Though I never had anything against the Garden Café when it was operating within The Grand America Hotel (555 S. Main Street), it really wasn't much of a nightspot. A hotel like The Grand America really needed something that could offer a unique experience for breakfast, brunch, lunch and dinner—something that would appeal to both the hip nighttime diners and the more conservative daytime crowd.

When The Garden Café closed after 20 years to make way for something new, we were all a little curious. The something new in the equation is Laurel Brasserie & Bar (801-258-6708, laurelslc.com), which officially opened in December 2021. It's a tall order to reinvigorate the dining experience at one of downtown Salt Lake City's most prestigious hotels, but Laurel is off to a great start.

The space has been tailored to Laurel's European concept. It's an expansive, welcoming space that takes full advantage of floor-to-ceiling windows, immaculate white tilework and a vibrant color scheme of pinks, teals and greens. Or, as my wife put it, "It looks like the Nancy Meyers kitchen of my dreams." I've also heard that Laurel has plans to convert some of the outside space into a patio which will fit nicely with the restaurant's European aesthetic. So yeah, it's a safe bet that Laurel won me over with its interior design—it's a beautiful addition that complements the Grand America's old-school extravagance.

After considering all that lush production design, I was both excited and nervous to try the food. I've visited many a spot that tries to win diners over with a beautiful space, only to deliver entrees braised with mediocrity. But sometimes the food becomes a proper accompaniment to the lovely space, which is what I experienced at Laurel.

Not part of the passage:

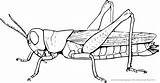 Grasshopper Insekten Grasshoper Malvorlage Locust Grashuepfer Schmetterlinge Grillen Hopper Line Insects Malvorlagen صوره Kaefer تلوين Animales Grashüpfer Kb Animal Heuschrecke sketch template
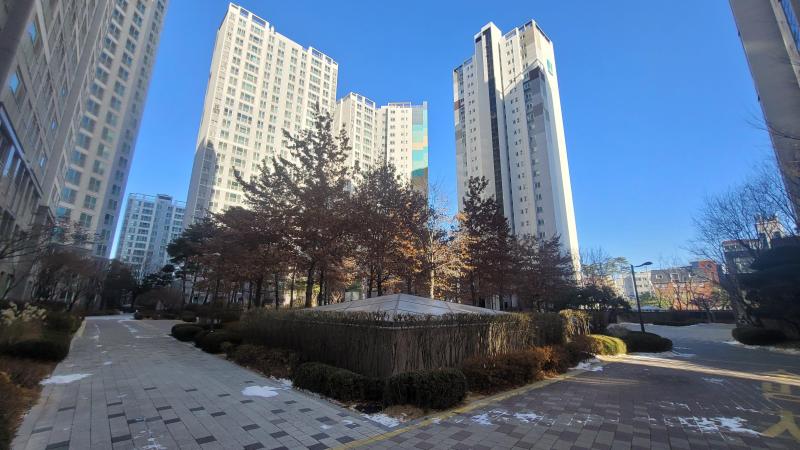 조이풀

My wife and I started off with the pumpkin arancini ($11) and the wild mushroom tartlet ($10), hoping for a proper introduction to the Italian and French influences being liberally applied to Laurel's menu. Though both appetizers were tasty, the pumpkin arancini were the favorite at the table. Plump, golden-brown spheres of rice and melted cheese served with some slightly spicy aioli for dipping are always going to be a winner. The pumpkin comes through very subtly, buffeted nicely by the mild flavors of the rice and fresh mozzarella cheese. The aioli offers just enough kick to keep things too subtle, however.

The concept of the tartlet worked for us—a round of buttery puff pastry crust topped with savory seasonal mushrooms, creamy labneh and curly sprigs of herbaceous frisée. The mushrooms, labneh and frisée were excellent together, though the crust was a bit on the crumbly side. All in all, the appetizer round had us on board and excited for entrees.

We liked the French/Italian combo of appetizers, so we went with the rigatoni Bolognese ($20) and the steak frites ($26). I think it's risky to get pasta at a more upscale place like Laurel, since the margin between excellent and just fine is razor thin, but I have to say that the rigatoni here was a definite win. Pasta dishes live and die by the quality of their sauce, and this Bolognese was something else. It's a devastatingly rich combo of ground beef, pork and veal that has been simmered to tender perfection. These are deep, dreamy flavors that evolve with each bite.

The steak frites consists of a skirt steak grilled with some béarnaise butter and served with a stack of crisp, salty fries—and it's incredible. It's prepared simply and carefully, which truly showcases the ingredients themselves. Laurel's menu offers a few side dishes to complement each entrée, and I'd suggest adding something like the jumbo asparagus in hollandaise sauce ($9) here if you're feeling a bit indulgent.

After navigating through some delightful appetizers and entrees, we were set on calling it quits before the dessert menu hit the table. But then our server gushed about the croissant bread pudding ($9)—so we had one to split. Despite how full we were, there were no regrets to be had as we dove into this buttery, caramelly and altogether luxurious dessert. It's the aged rum sauce that really clinches this dessert; it's got the flavor of a nice, toasted crème brulee that really sings once you combine it with the custard-like croissant pudding. Am I ashamed to say we finished the whole thing? Not at all.

I have a lot of good to say about Laurel—the space is gorgeous, the food is top-notch and the service is gracious—but the thing that I appreciated most was the prices. I figured dinner at a swank new restaurant inside a swank downtown hotel would carry a much heftier price tag. None of the entrees at Laurel will cost you more than $30, which is pretty reasonable considering the restaurant's prolific swank-itude. If you're looking for a spot to dine in style without completely wrecking your wallet, Laurel is open for business.